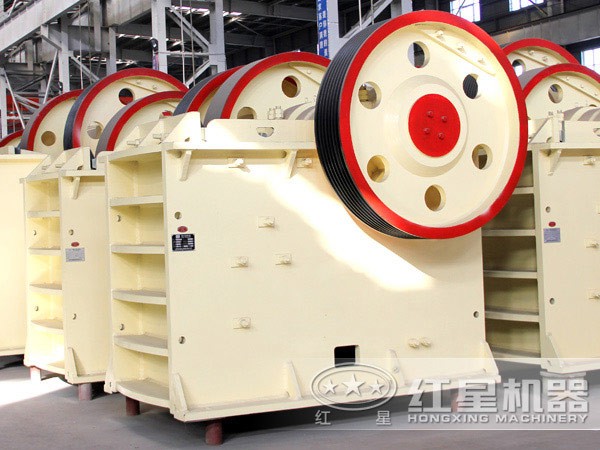 焦炭顎式破碎機(jī) 焦炭顎式破碎機(jī)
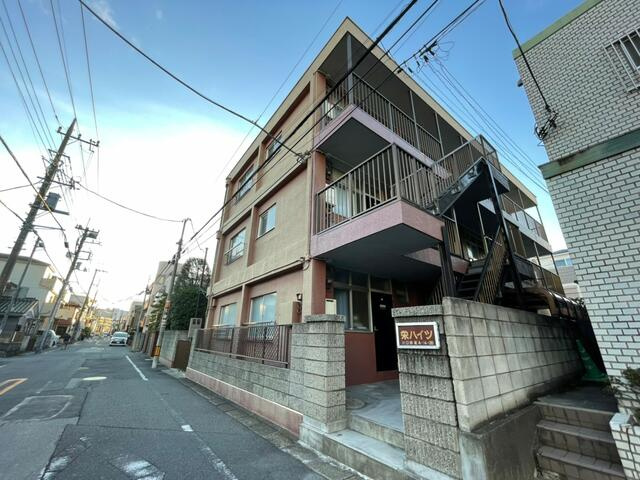 川口市芝４丁目のマンションの画像
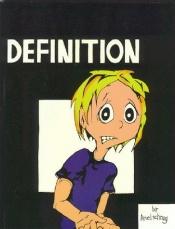 book cover of Definition by Ariel Schrag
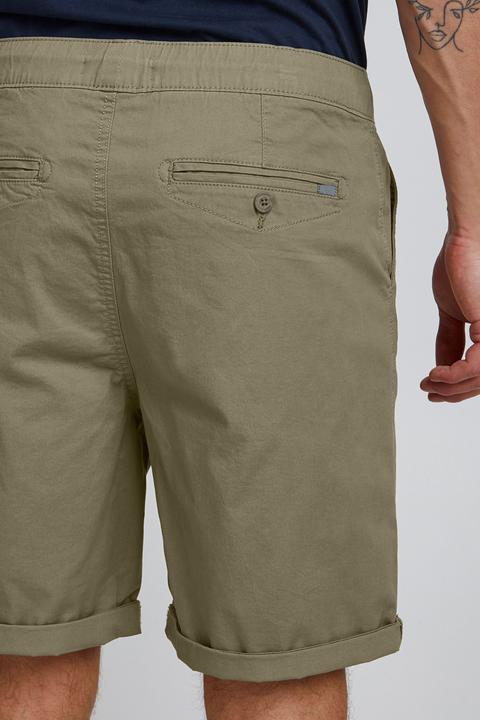 Actual product image Solid SDJacob-Jim Light Elasticated SHO 21106443 (S)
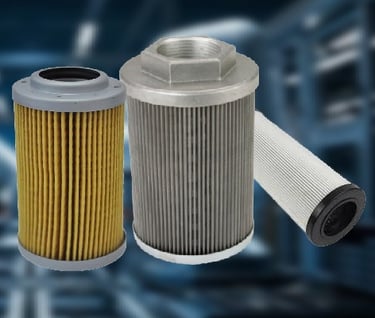oil filter custom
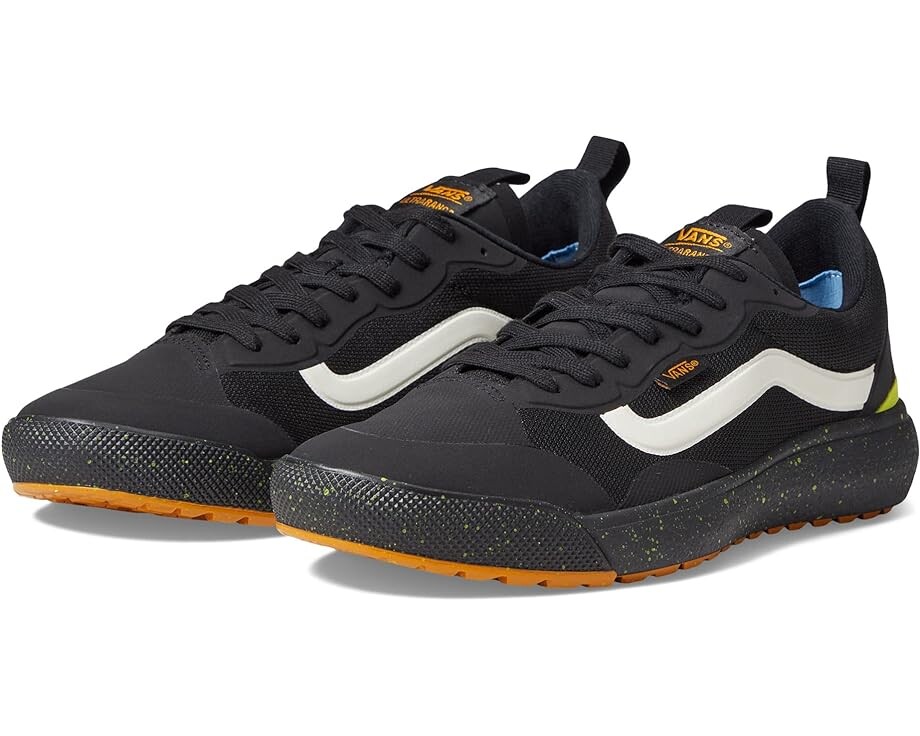 

Кроссовки Vans UltraRange EXO, цвет Speckle Black/Gold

########

**WHAT IS BEING ASKED**
Repeat the data above exactly, images excluded.

**REPLY**
 焦炭顎式破碎機(jī) 焦炭顎式破碎機(jī)
 川口市芝４丁目のマンションの画像
 book cover of Definition by Ariel Schrag
 Actual product image Solid SDJacob-Jim Light Elasticated SHO 21106443 (S)
oil filter custom

Кроссовки Vans UltraRange EXO, цвет Speckle Black/Gold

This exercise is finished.